The other thing that's gone hand in hand with that is, since the financial crisis, because of this intervention of global central banks, we've also entered this era of … this Truman Show era of artificially suppressed and low volatility, which is what you get when the central banks put their big thumbs on the scale, and inject as much liquidity as they have into financial markets. And being short volatility, in other words, selling volatility, as been a killer trade since the financial crisis. Everyone who's done that has, at least to date, profited in doing it. To me, you know that there's a bell ringing when people are actually manufacturing or inventing ETF that allow you to be short volatility through an ETF product. But eventually … and I think these things will go hand in hand … that debt bubble will unwind. And I think that when that debt bubble unwinds, it will also be a massive unwind in the short volatility bubble.
This is basically just a circuitous way of saying, "I want to be long credit volatility."
Porter Stansberry: Here's an interesting fact for you. These are round numbers, but you know how I feel about round numbers. If you get too specific you're probably fooling yourself, 'cause they're always changing. But there's about one and a half trillion dollars worth of student loan debt outstanding today, Erez. And here's a fun fact about that. That was as much money as the entire federal government owed in 1985.
Erez Kalir: Wow.
Porter Stansberry: Here's another fun fact for you. One US corporation … one … AT&T is now carrying more debt that the entire Republic of Ireland. And also, I could name another 50 countries for you. AT&T is now one of the largest sovereign borrowers, except one little detail, it's not a sovereign country. [Laughter] But AT&T can't actually tax people and force them to pay back those debts. The last time I saw a company that was one of the ten leading sovereign borrowers, it was General Motors in 2005. And you know what happened next.
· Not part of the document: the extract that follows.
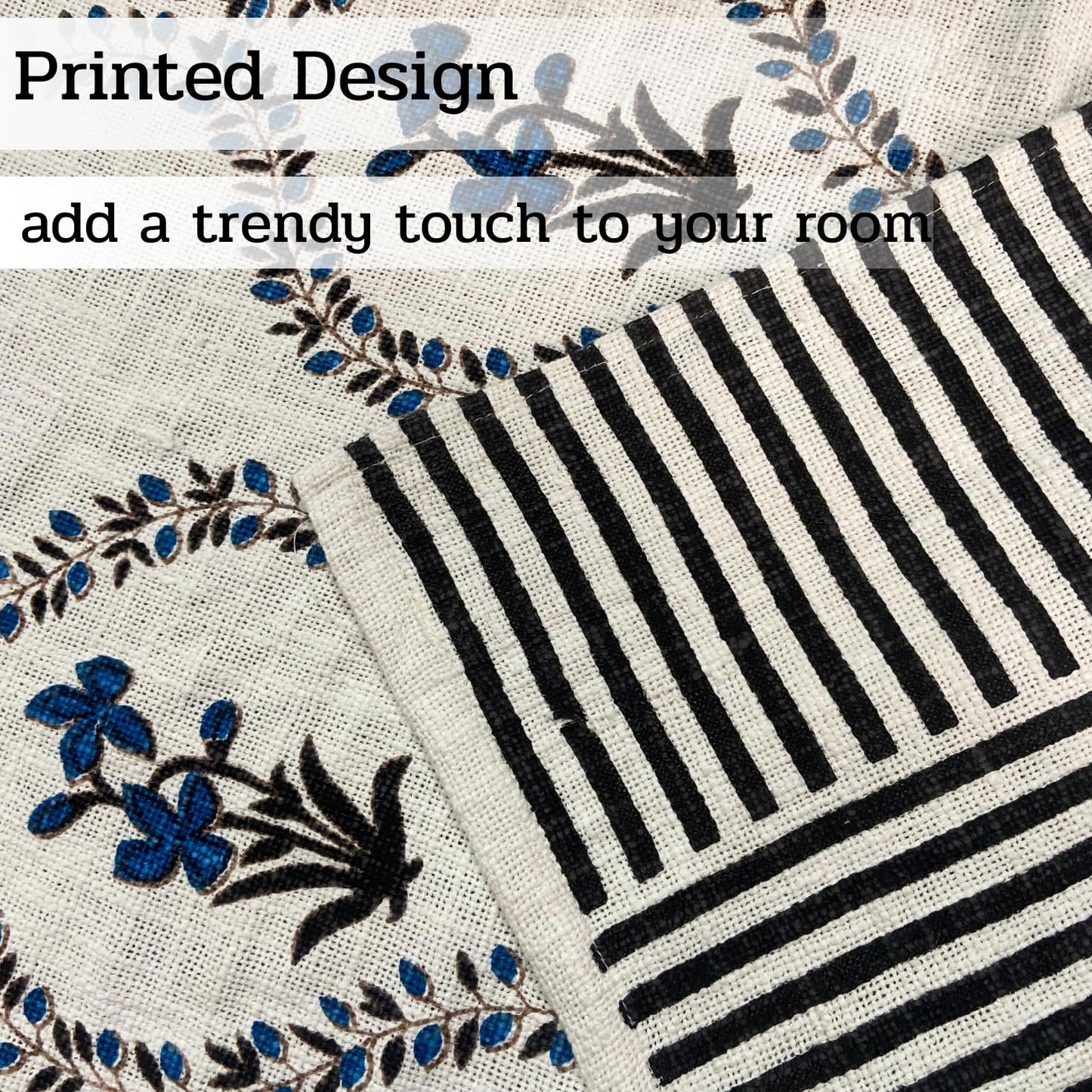 SAJAVAT HOME Hand-Knitted All Season Throw Blanket – Slub Cotton | White | 80x52 Inches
My guess is that AT&T ends up being about as qualified as General Motors was to pay back those loans. My bet is that the amount of credit that has been stuffed into wireless networks makes it impossible for any of those companies to maintain market share or profits. My bet is that Sprint goes out of business within … goes bankrupt. I don't know if it'll be liquidated … goes bankrupt within the next three years and defaults on over $30 billion in debt, making it one of the top ten bankruptcies of all time. AT&T will not be far behind.
And what will the federal government do? Bail to the cell phone companies? Are we going to pay… Are we gonna write checks for everyone's cell phone bill? I know there's an Obamaphone. Maybe there will be an Obama telephone network here shortly, ladies and gentlemen.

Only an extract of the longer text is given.